Once I’m happy with how the tests went, I’ll dip my brush into ink and place each major line exactly where they need to go, allowing smaller lines such as textures and shadows to manifest as I work. The pieces I made for Solace took about 6 hours each using this process.

My favorite part of the process is falling into the process. If I enter a flow state, I can work and have no idea how long I’m working for and it is bliss. This does not always happen, however, which can be quite gruesome to witness. My husband once came home to find me painting and angry-crying over a watercolor painting of lily pads that was taking too long. It was not a good time. The painting turned out great, though.
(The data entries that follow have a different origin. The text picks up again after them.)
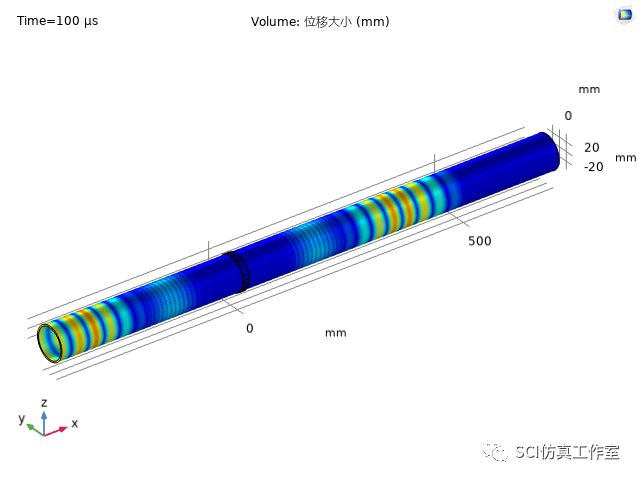 Comsol 管道导波传播裂纹检测的图12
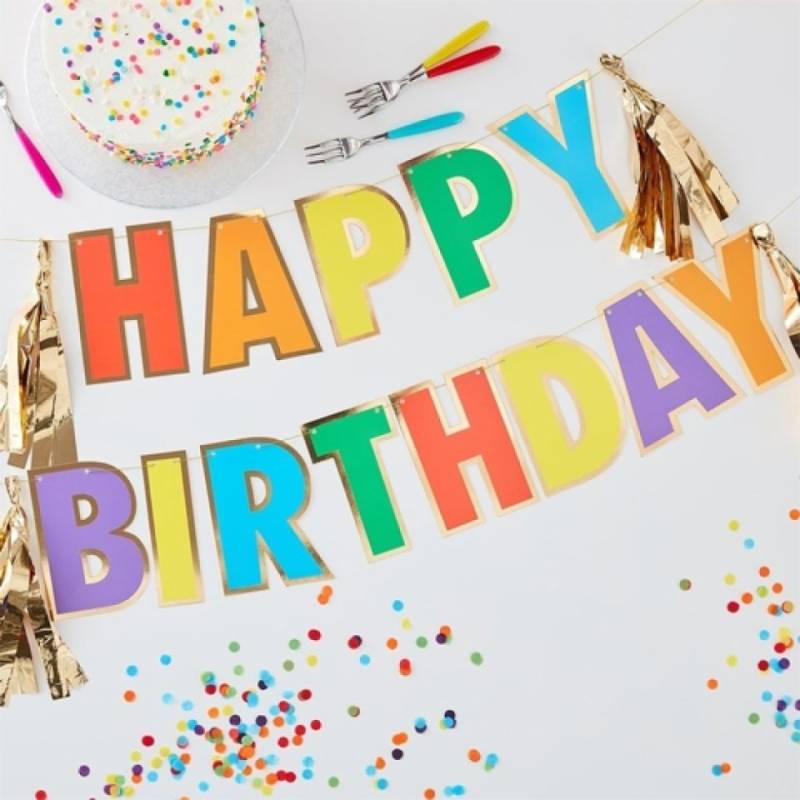 Party Girlande Happy Birthday Regenbogen von Pati-Versand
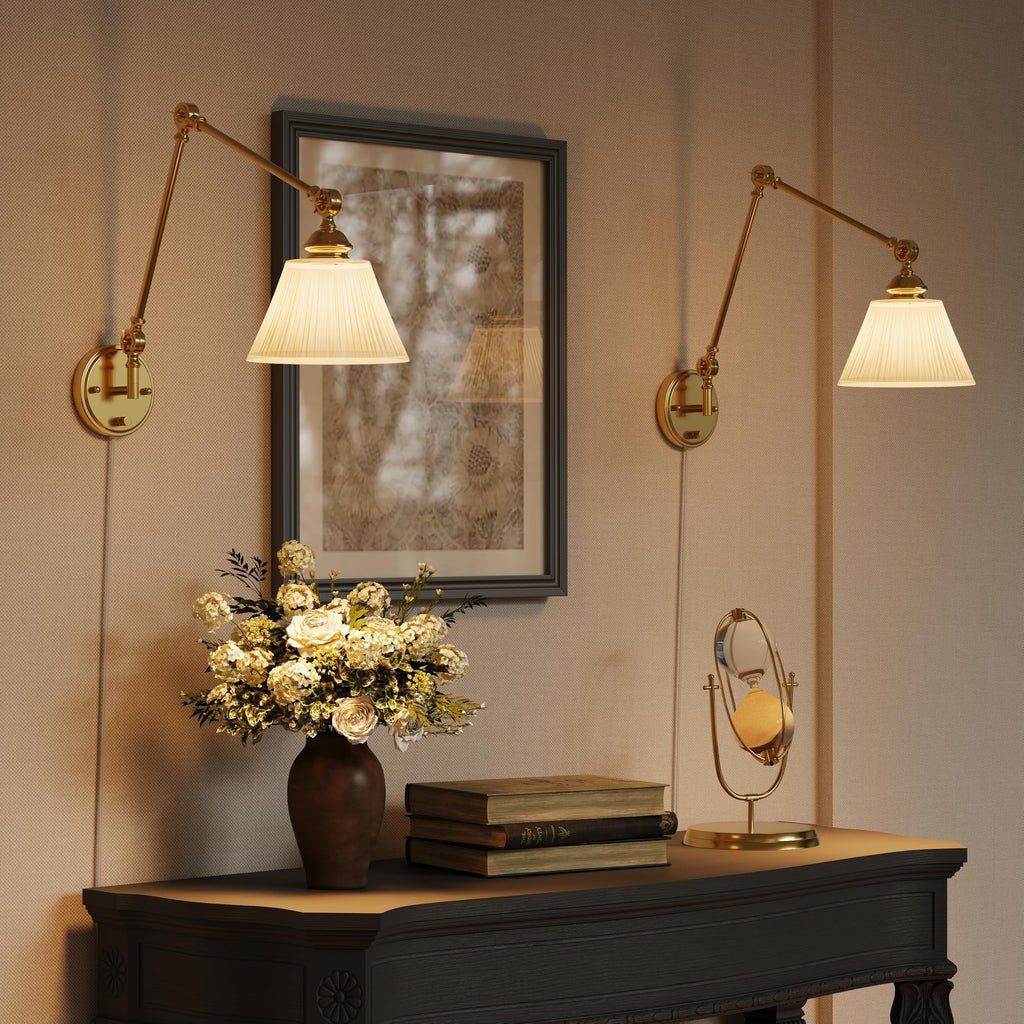 Plug in Wall Sconces Set of Two, Gold Swing Arm Wall Lamp with 6.6FT Plug-in Cord and Knob Switch, Fabric Hardwired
You created four original art pieces for the book. What inspired this particular character that we’re encountering in each season?
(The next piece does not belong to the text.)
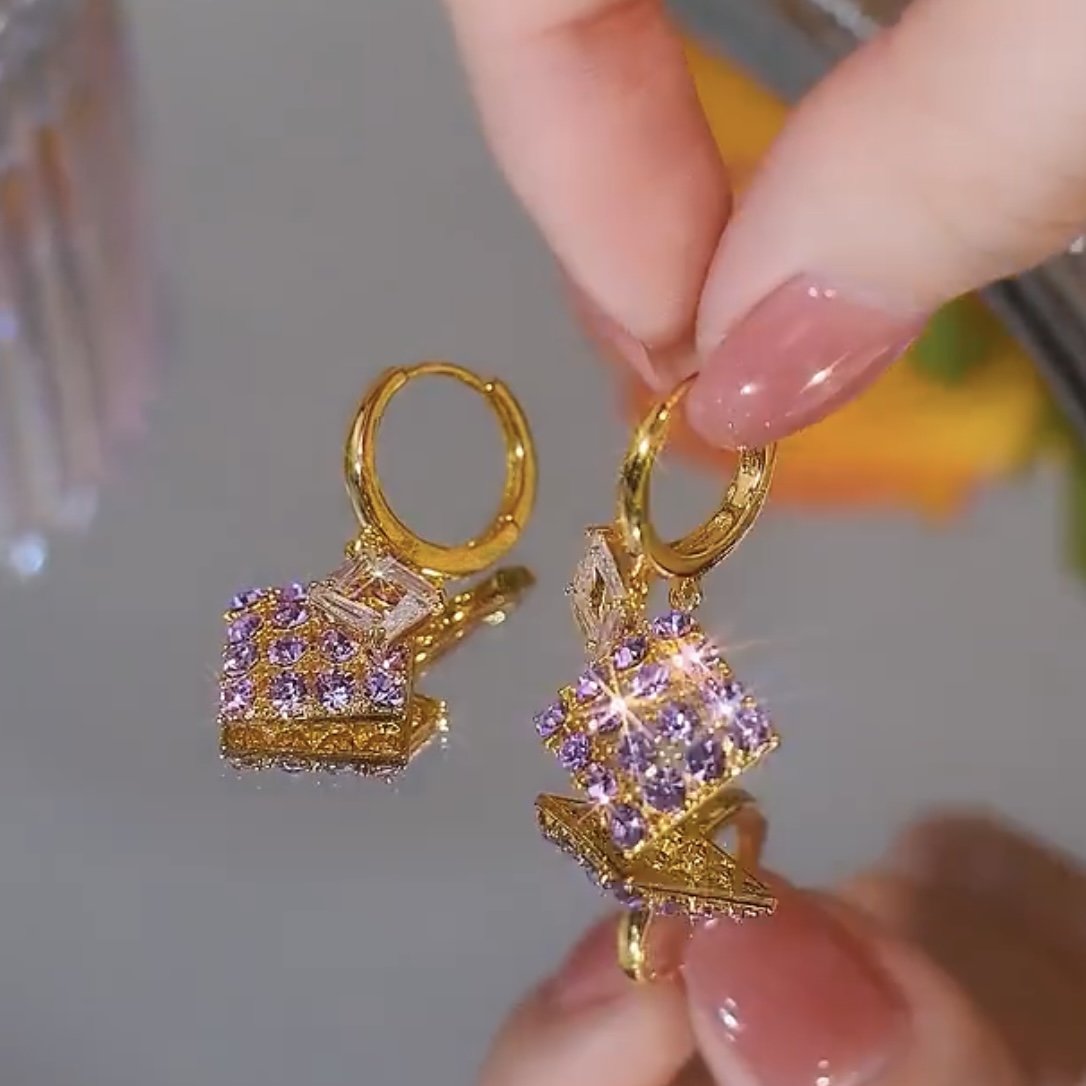 轻奢仙气紫色几何菱形锆石耳环时尚高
The artsy-fartsy answer, and the one that’s more true to how it actually happened, is that the character felt like they belonged there, so I put them there.

If I were to reflect on that decision to try and rationalize exactly why I put that character there, I would say that physical embodiments of emotional/spiritual realities permeate my work. An early series of mine called “Cool Girl” reflected on societal acceptance through various portrayals of “cool” women. Large twin pieces I recently completed portray the sun and the moon as sisters sharing two different natural reactions to pain.
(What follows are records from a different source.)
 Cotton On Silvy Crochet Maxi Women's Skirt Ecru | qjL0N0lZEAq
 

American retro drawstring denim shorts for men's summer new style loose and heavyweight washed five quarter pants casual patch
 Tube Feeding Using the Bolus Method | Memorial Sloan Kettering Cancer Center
This particular character I painted here, in my mind, is both the reader and someone else entirely. The character is the reader in the way they interact with the seasons; a little mournfully, and simultaneously drowning in and clinging to the flow of things. The character is also the spirit of these woods, as the character not only repeats but the location does as well. The four paintings take place in the same forest over the course of the four seasons. Weather and temperature change drastically, and the forest is very remote and lonely, but this is the way of things. There is beauty in it and a groundedness to it that make the forest spirit almost seem to glide from season to season with an effortlessness that only emerges through centuries of knowledge. Knowledge that we humans can find in the art and the poetry we have been creating and preserving and sharing with one another since the beginning of time.

You’ve done a number of live art pieces, and that just blows my mind. What does it take for you to execute those in real time?

I am a fundamentally lazy artist; the quicker I can get a piece done, the happier I am. Plus, it might not seem like it reading these very serious descriptions of my own work, but in real life I am very much a ham, and hamming it up is something I’m very comfortable doing. My two character flaws of laziness and attention-whoring interplay with each other in just the right way to make my work-flow perfectly adaptable to live art. This means that I can stand in front of a crowd painting long, dynamic, impressive ink lines and end up with a beautiful completed piece in less than 2 hours. It’s not something most people can do, but for some reason I’m accidentally naturally suited to that environment.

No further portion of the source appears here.